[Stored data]

──────────────────────────────

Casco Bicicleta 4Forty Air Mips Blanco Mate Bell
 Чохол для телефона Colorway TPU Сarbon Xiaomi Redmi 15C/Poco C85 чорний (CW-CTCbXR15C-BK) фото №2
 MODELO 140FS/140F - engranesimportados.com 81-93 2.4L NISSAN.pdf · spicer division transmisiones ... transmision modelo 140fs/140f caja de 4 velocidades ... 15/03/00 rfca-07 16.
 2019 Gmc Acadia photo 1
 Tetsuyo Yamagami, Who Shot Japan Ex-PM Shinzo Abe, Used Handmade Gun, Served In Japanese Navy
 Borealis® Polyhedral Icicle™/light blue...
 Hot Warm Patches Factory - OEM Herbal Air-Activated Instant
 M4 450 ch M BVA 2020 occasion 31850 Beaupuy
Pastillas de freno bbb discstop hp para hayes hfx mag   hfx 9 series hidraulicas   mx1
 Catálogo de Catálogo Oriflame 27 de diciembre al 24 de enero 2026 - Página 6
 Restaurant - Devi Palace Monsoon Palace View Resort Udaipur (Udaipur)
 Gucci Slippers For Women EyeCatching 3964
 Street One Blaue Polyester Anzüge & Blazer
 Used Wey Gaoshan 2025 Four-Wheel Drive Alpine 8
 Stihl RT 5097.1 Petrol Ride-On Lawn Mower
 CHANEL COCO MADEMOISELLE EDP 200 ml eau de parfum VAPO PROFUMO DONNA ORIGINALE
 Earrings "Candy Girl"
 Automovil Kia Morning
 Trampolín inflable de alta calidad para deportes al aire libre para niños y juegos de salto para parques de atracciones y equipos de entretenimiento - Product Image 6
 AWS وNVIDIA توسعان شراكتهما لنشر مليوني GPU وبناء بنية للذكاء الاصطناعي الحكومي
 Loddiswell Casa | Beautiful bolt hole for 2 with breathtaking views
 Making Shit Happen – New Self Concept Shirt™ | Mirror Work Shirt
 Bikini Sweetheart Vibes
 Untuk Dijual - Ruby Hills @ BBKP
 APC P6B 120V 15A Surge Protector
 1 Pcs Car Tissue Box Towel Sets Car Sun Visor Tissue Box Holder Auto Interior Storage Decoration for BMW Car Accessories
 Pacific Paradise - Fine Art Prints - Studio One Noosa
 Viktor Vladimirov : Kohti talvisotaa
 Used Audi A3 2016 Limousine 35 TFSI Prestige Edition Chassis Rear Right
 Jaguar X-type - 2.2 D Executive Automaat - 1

──────────────────────────────

**What the exercise asks**
From the line containing "Loddiswell Casa |" down to the last line of the data, transcribe every line exactly; nothing else should appear.

**Exercise solution**
 Loddiswell Casa | Beautiful bolt hole for 2 with breathtaking views
 Making Shit Happen – New Self Concept Shirt™ | Mirror Work Shirt
 Bikini Sweetheart Vibes
 Untuk Dijual - Ruby Hills @ BBKP
 APC P6B 120V 15A Surge Protector
 1 Pcs Car Tissue Box Towel Sets Car Sun Visor Tissue Box Holder Auto Interior Storage Decoration for BMW Car Accessories
 Pacific Paradise - Fine Art Prints - Studio One Noosa
 Viktor Vladimirov : Kohti talvisotaa
 Used Audi A3 2016 Limousine 35 TFSI Prestige Edition Chassis Rear Right
 Jaguar X-type - 2.2 D Executive Automaat - 1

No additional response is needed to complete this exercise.